General Interest Charge (GIC) from the ATO
The General Interest Charge (GIC) is the ATO's standard interest rate applied to overdue tax debts. It accrues daily on any outstanding tax liability — including unpaid income tax, GST, PAYG withholding, and superannuation charge — from the day the amount was due.
The GIC rate is set quarterly by the ATO. As at the September 2026 quarter, the GIC rate is published on the ATO website.
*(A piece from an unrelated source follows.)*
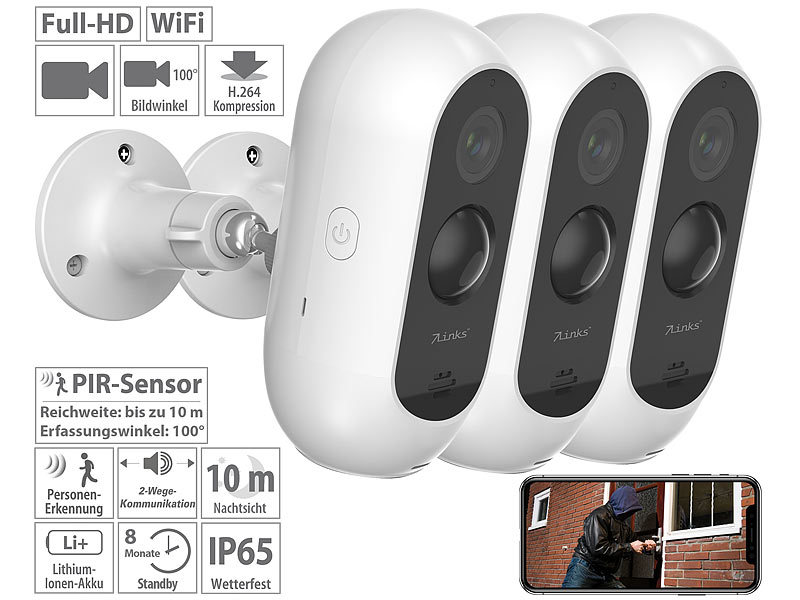 ; HD-Micro-IP-Überwachungskameras mit Nachtsicht und App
It compounds daily and can add up quickly on large outstanding debts.
Is GIC tax-deductible?
Yes — with an important exception.
GIC on overdue income tax, GST, PAYG withholding, and most other tax debts is tax-deductible under s.25-5 of the ITAA 1997. This was a deliberate policy decision to encourage businesses to pay tax debts rather than simply avoid them.
The important exception: penalties are not deductible. There is a distinction between GIC (interest — deductible) and penalty units or administrative penalties imposed by the ATO (not deductible). An ATO audit that results in a penalty for a false and misleading statement, for example, generates a non-deductible penalty charge. The GIC that accrues on the unpaid penalty is also not deductible (because it is GIC on a non-deductible amount).
How to code GIC
- Account: Interest Expense — ATO General Interest Charge (separate from bank interest and supplier fees)
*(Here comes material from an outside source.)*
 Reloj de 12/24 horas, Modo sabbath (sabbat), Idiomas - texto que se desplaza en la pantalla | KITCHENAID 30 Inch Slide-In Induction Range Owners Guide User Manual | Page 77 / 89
- GST code: N-T (GIC is not subject to GST — it is a government-imposed charge, not a commercial transaction)
- Deductible: Yes (for GIC on deductible tax debts; no for GIC on penalties)
When a client pays the ATO and the bank statement shows a single debit that covers both tax debt and GIC, split the transaction:
- The tax debt portion (e.g., unpaid GST) codes to the GST liability account
- The GIC portion codes to Interest Expense — ATO GIC
If you cannot determine the split from the client, request the ATO account balance statement from the client or their tax agent.
Shortfall Interest Charge (SIC)
The Shortfall Interest Charge (SIC) is a related but separate charge applied when an amended assessment reveals a tax shortfall — i.e., the client's original return understated their liability. Unlike GIC (which is forward-looking from the due date), SIC applies from the original due date of the return to the date of the amended assessment.
The SIC rate is lower than GIC (currently the base interest rate plus a percentage — check the ATO website for current figures). Like GIC, SIC on income tax shortfalls is tax-deductible. SIC is coded the same way as GIC: N-T, separate account, deductible.
Supplier late payment fees
When a supplier charges interest or a fee for a late invoice payment, this is a commercial transaction — not a government-imposed charge. The treatment differs in two important ways.
GST treatment
Supplier late payment fees may attract GST depending on the supplier's characterisation of the charge:
- If the supplier issues a tax invoice for the late payment fee and includes GST, you must code it as a taxable supply (GST code, with ITC claimable if the business is registered for GST)
- If the supplier's terms describe it as a "liquidated damages" or compensation charge (not a fee for a service), it may be treated as not subject to GST
- Absent a tax invoice with GST, default to N-T and query the supplier if the amount is material
In practice, most supplier late fees in Australian SME transactions are small (commonly 2–3% per month on overdue balances) and are issued with a tax invoice including GST. Check the document.
Deductibility
Supplier late payment fees are generally tax-deductible as a cost of running the business — the payment was late because of a business cash flow issue, and the fee is a consequence of that business activity. There is no specific legislative exclusion for supplier penalty interest (unlike the ATO penalty exclusion discussed above).
- Account: Interest Expense — Supplier Late Fees (or Accounts Payable Penalties — keep it separate from bank interest)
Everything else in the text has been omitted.